List every line below containing "with".

» **INFORMATION SUPPLIED**:
= = = = = = =
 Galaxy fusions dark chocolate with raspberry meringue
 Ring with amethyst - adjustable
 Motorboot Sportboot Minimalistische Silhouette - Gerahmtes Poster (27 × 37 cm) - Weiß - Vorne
= = = = = = =
» **WRITTEN ANSWER**:
 Galaxy fusions dark chocolate with raspberry meringue
 Ring with amethyst - adjustable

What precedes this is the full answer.